| Exercise details |
From the line with "Funny Sushi Chef" to the line with "full bathroom with", output every line below exactly, both ends included. Skip the pictures.

| Source material |
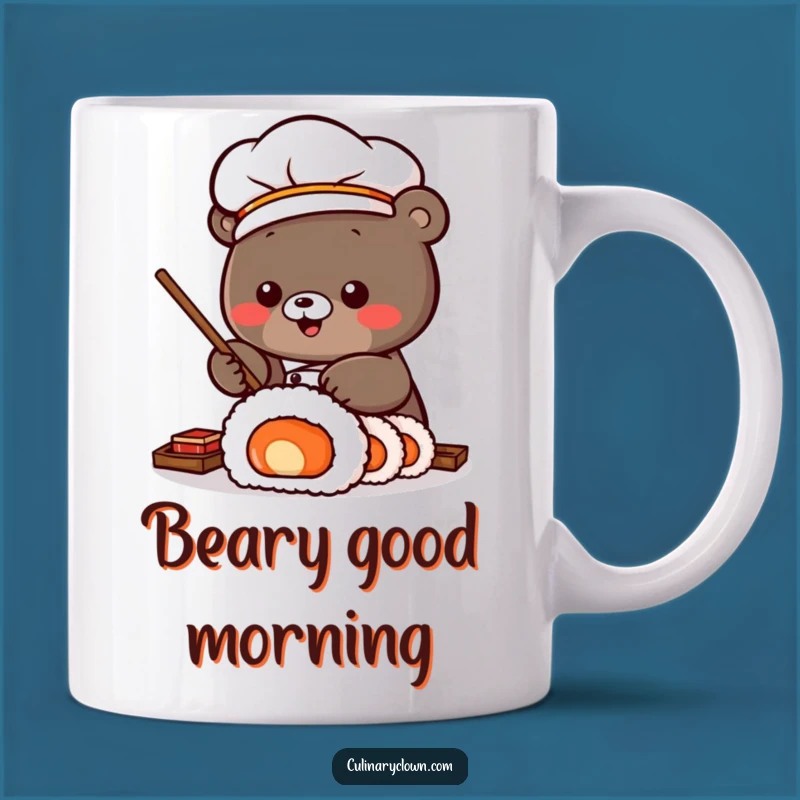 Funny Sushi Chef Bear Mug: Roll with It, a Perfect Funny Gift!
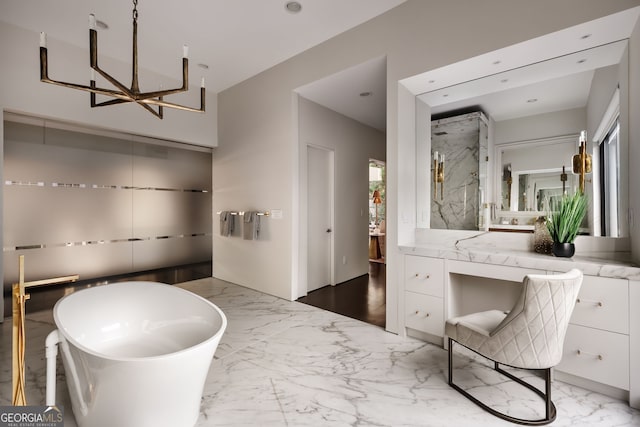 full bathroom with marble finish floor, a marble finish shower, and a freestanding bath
...
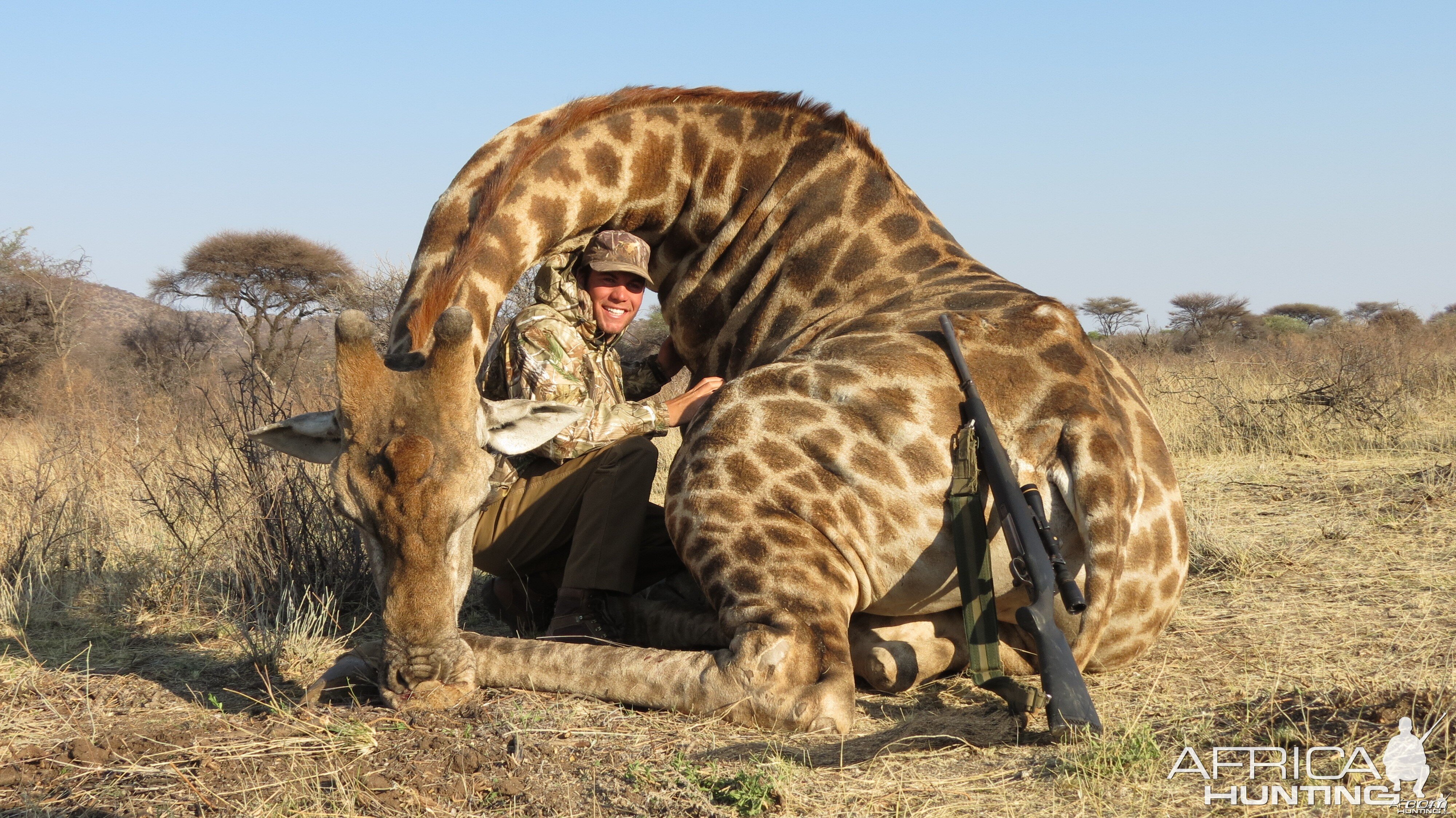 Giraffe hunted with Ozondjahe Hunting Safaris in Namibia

| Solution for this problem |
 Funny Sushi Chef Bear Mug: Roll with It, a Perfect Funny Gift!
 full bathroom with marble finish floor, a marble finish shower, and a freestanding bath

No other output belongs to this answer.